The next time I see some little brat screaming in the supermarket, instead of asking him to shut up, I’ll write my representative and ask him to pass a law forcing all kids under 12 to be gagged and muzzled when out in public.

I vote for this repsonse.

I mean, really folks, are we not mature enough to make decisions about whether we sould wear a helmet or not? It should be a personal choice. If said moron got hurt in the forementioned accident, I guess Darwin wins…

See Giles? It was a joke. Thank God the mods around here have a sense of humor! :wink:

I do agree with Absolute that the kids should talk to their dads instead of writing the government. My previous post was in response to this from the OP:

This suggests that reasonable arguments can’t include the feelings of children, because they can’t “grasp” the issue. I think that policies can directly affect children, and that keeping people mindful of that through the words of children is perfectly legitimate.

Hmmmm…

Dear President Bush,

My Daddy got his fucking head blown off in Iraq, the country you invaded for no fucking reason.  Please don't invade anywhere else.

A Cute Orphan with Sad Eyes

It’s the responsibility of DA daddys to wear the proper safety equipment, not mine, yours, or the gov’t’s.
They can’t stand wearing a helmet lest they be percieved as something less than macho!

Might it be more effective if you had Steelers fans write in?

:smiley:

While I would sooner emasculate myself with a spork than ride sans helmet, this:

Is freaking hilarious.

Honestly, if you want to ride without a helmet, then you increase the odds that you won’t be able to reproduce. Not always a bad thing, to my way of thinking.

-Waste

Never mind the little girls, I’d like to hear what a few stem cells have to say about the proposed helmet law.

Couldn’t it be, that the little girls heard about the potential law and decided to write on their own? It is possible that a child that age might decide to write a letter to the paper about something that they “know”. I don’t know that any adult put them up to it at all.

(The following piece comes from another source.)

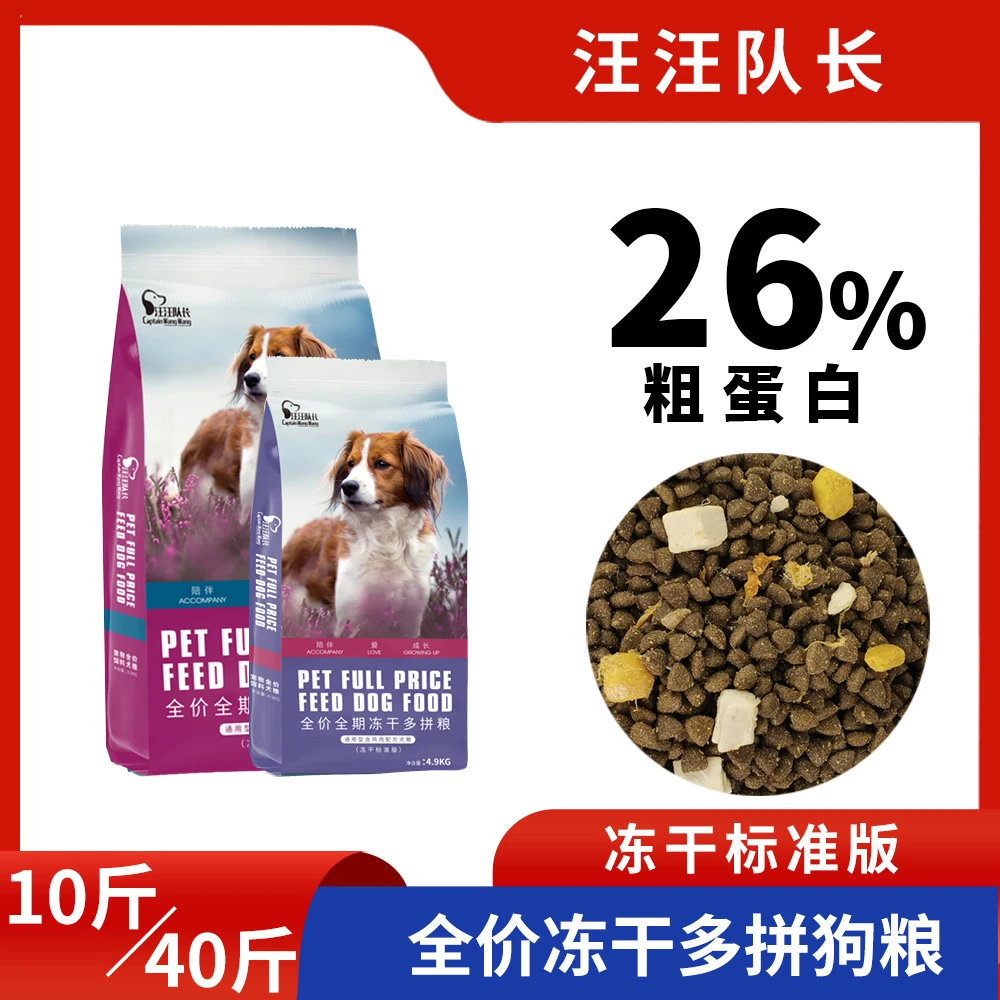 汪汪队长全价冻干多拼营养狗粮低敏金毛成幼犬专用通用型犬主粮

I wrote a letter to the local paper as an 8 year old child myself, about endangered species (After seeing a National Geographic special on elephants) in fact. It got printed.

Ah, yes, in an ideal world where people (especially men) take responsibility for their actions. I live in a country where everyone wears a helmet because if you don’t and you get caught, you get a big fine. I think this is a fab idea and I wouldn’t have it any other way - I do not want to pay to keep anyone on life support because they were stupid enough to not wear a helmet.

It’s been done.

It would make sense to have a helmet law for children up to, say, age 15 or so, because a kid doesn’t fully understand what can happen when a skull connects with pavement at high speeds. An adult does, and if they want to take a chance at getting a head injury or worse, let them.

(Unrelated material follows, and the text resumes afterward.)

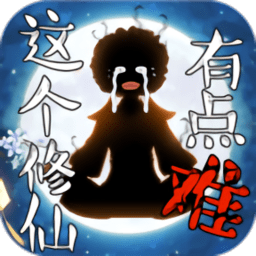这个修仙有点难官方版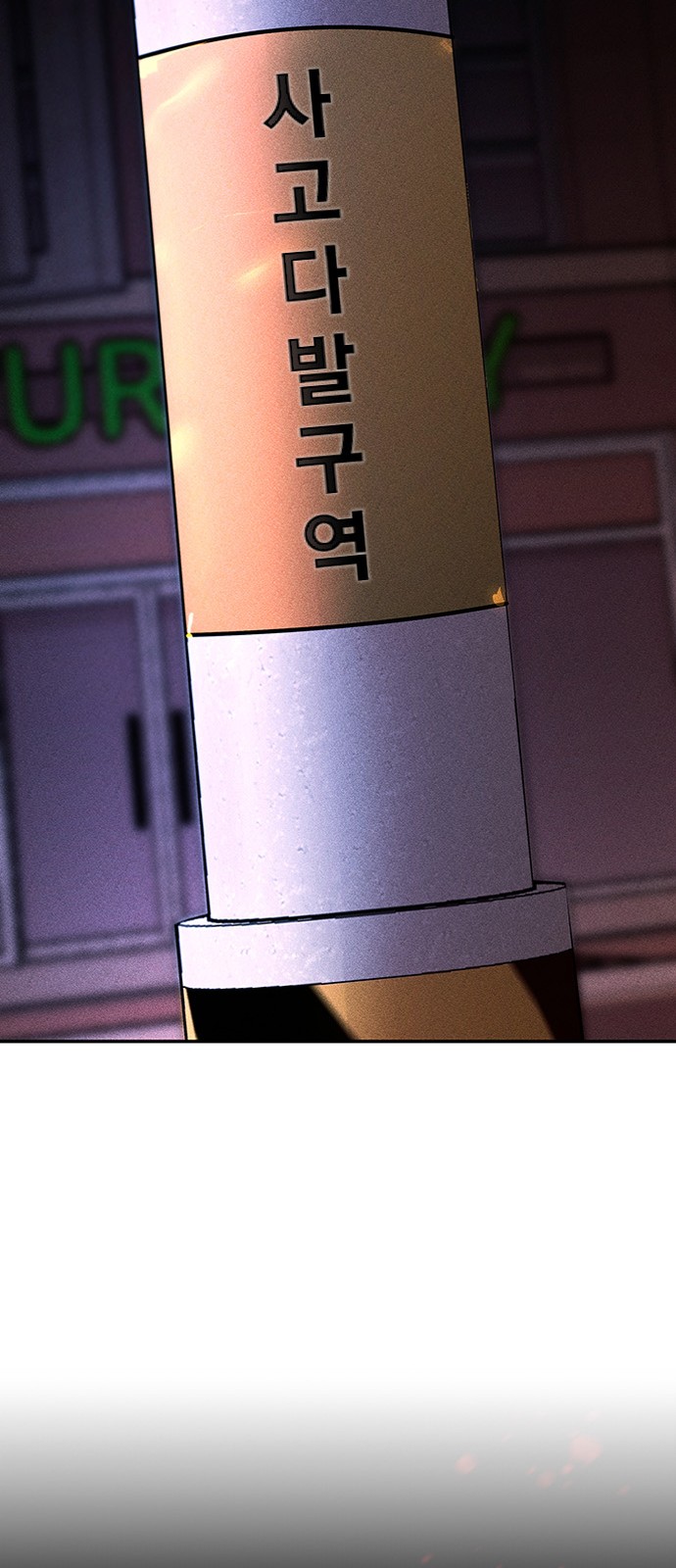93 페이지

I clearly remember when Jimmy Carter spoke of talking to his daughter Amy about an issue to see what she thought on the subject and he cricified for doing so.

We, the adults, are smarted than the kids. Yes we really are. This "and a child shall lead them’ is total bullshit. The only place a kid is going to lead you to is a candy store inside Disneyland. These little girls have no idea what caused their father’s ‘accidents’. They porbably don’t know what ‘operator error’ means.

If we let little girls write our laws well all be riding ponys to work with pink ribbons in their manes and on their tails. That’s not a world I want to live in.